Token pre-sales stand on the proverbial slippery slope and can easily tumble into the muddied current of the Howey test. Most token sales (read more on ICO’s vs. token sales) can avoid regulation as securities under the Howey test if the tokens themselves are exchangeable for a service (and not just as an investment vehicle and store of value). The idea is “Hey SEC, I’m not selling securities, I’m selling access to my awesome new service (that should be live in 18 months).”
A token pre-sale is when a start-up wants to sell tokens before they have the token infrastructure in place. The sale is on the promise of a future distribution of tokens. This cuts too close to a security for many, though pre-selling services is common in other industries (think healthcare). Instead of cutting out all U.S. investors subject to the Howey test (as has been done), enter the SAFT agreement.

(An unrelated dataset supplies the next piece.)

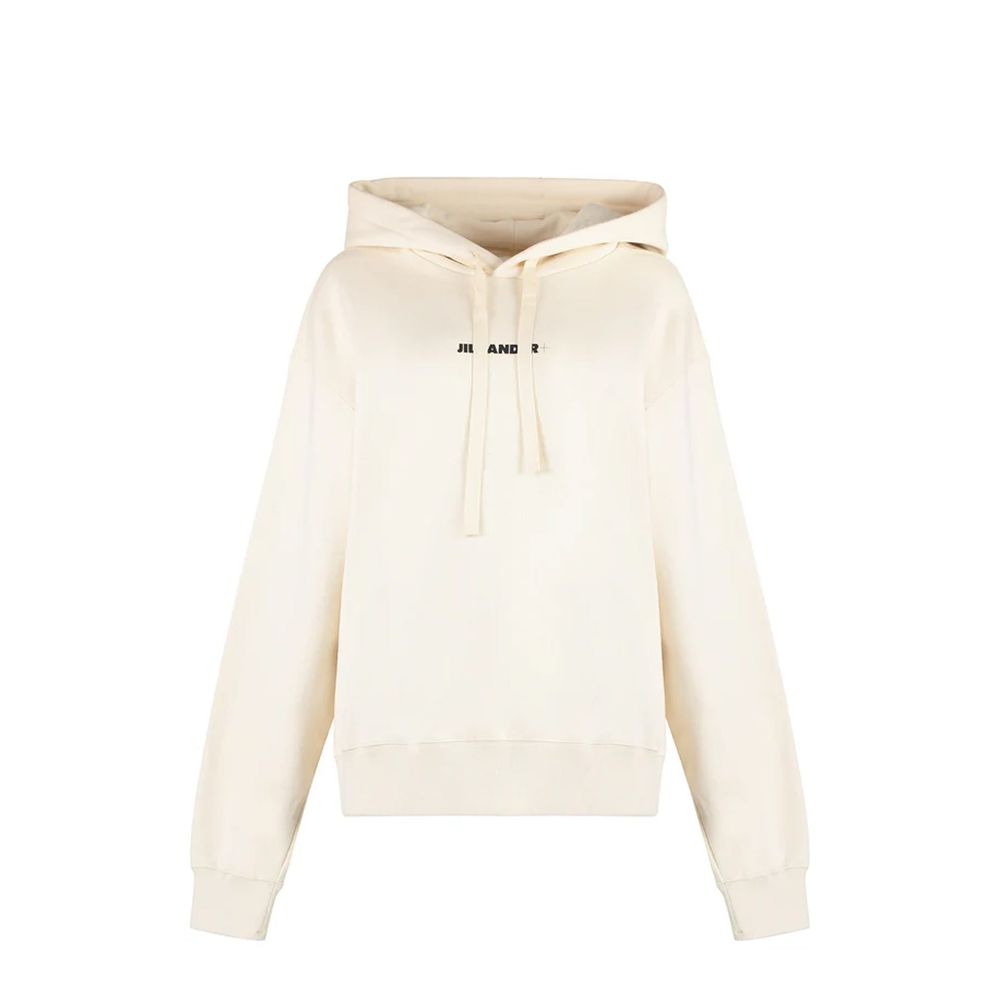 Jil Sander katoenen hoodie met capuchon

Developed by CoinList, the SAFT agreement generally limits investment in token pre-sales to accredited investors. In simplistic terms, an accredited investor has an annual income over $200k or net assets of at least $1 million. The idea is that these high-net worth individuals are sophisticated enough to evaluate risky investments and/or wealthy enough to sustain the loss of their investment.
The interesting wrinkle here is that most token sales accept cryptos for payment (basically Bitcoin and Ethereum). As the values of these cryptos have gone stratospheric since January, it means that in June 2017, a person who bought about $30k in Ethereum in January 2017 was a millionaire. Today the number is closer to $50k, but you get the idea.